DIRECTIONS: Omit the pictures and output every entry below exactly as written.

ENTRIES SUPPLIED:
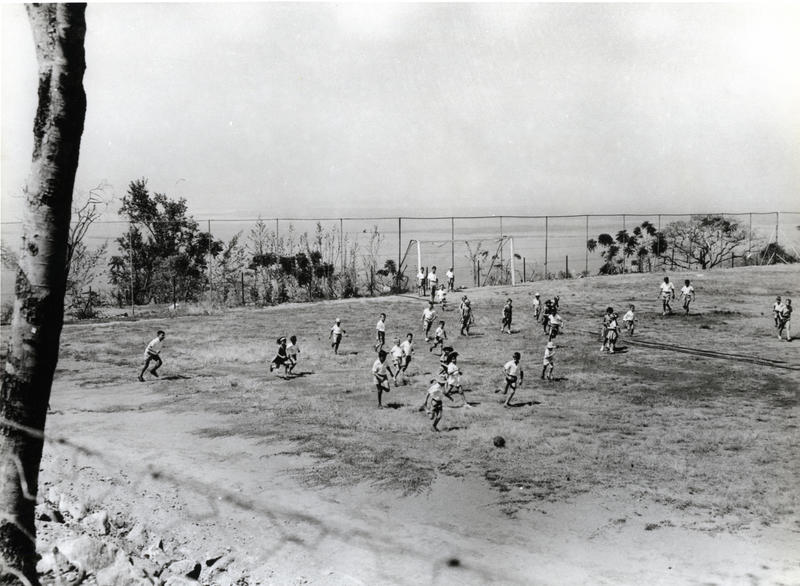 momapix_164021_pos_32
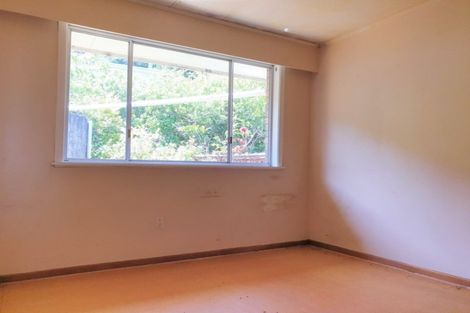 Photo of property in 23 Firth View Road, Te Puru, Thames, 3575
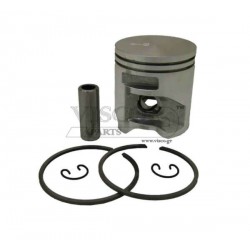 ΠΙΣΤΟΝΙ HUSQ 565-572XP-XPG(48) ΠΙΣΤΟΝΙ HUSQ 565-572XP-XPG(48)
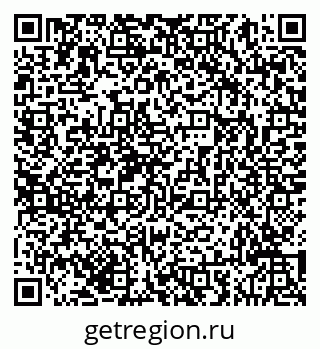 79293047523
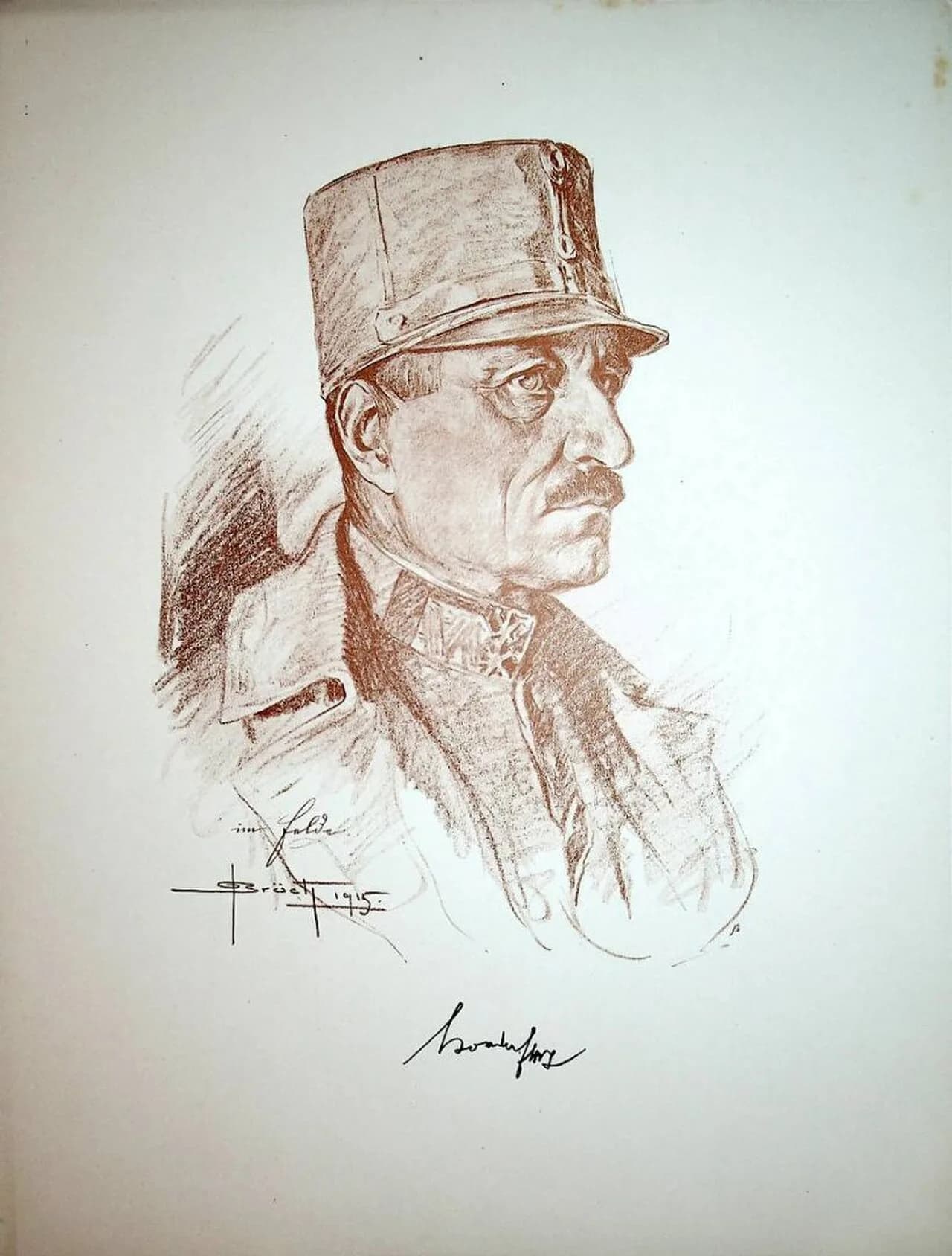 Ignaz von Korda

SOLVED EXERCISE:
 momapix_164021_pos_32
 Photo of property in 23 Firth View Road, Te Puru, Thames, 3575
 ΠΙΣΤΟΝΙ HUSQ 565-572XP-XPG(48) ΠΙΣΤΟΝΙ HUSQ 565-572XP-XPG(48)
 79293047523
 Ignaz von Korda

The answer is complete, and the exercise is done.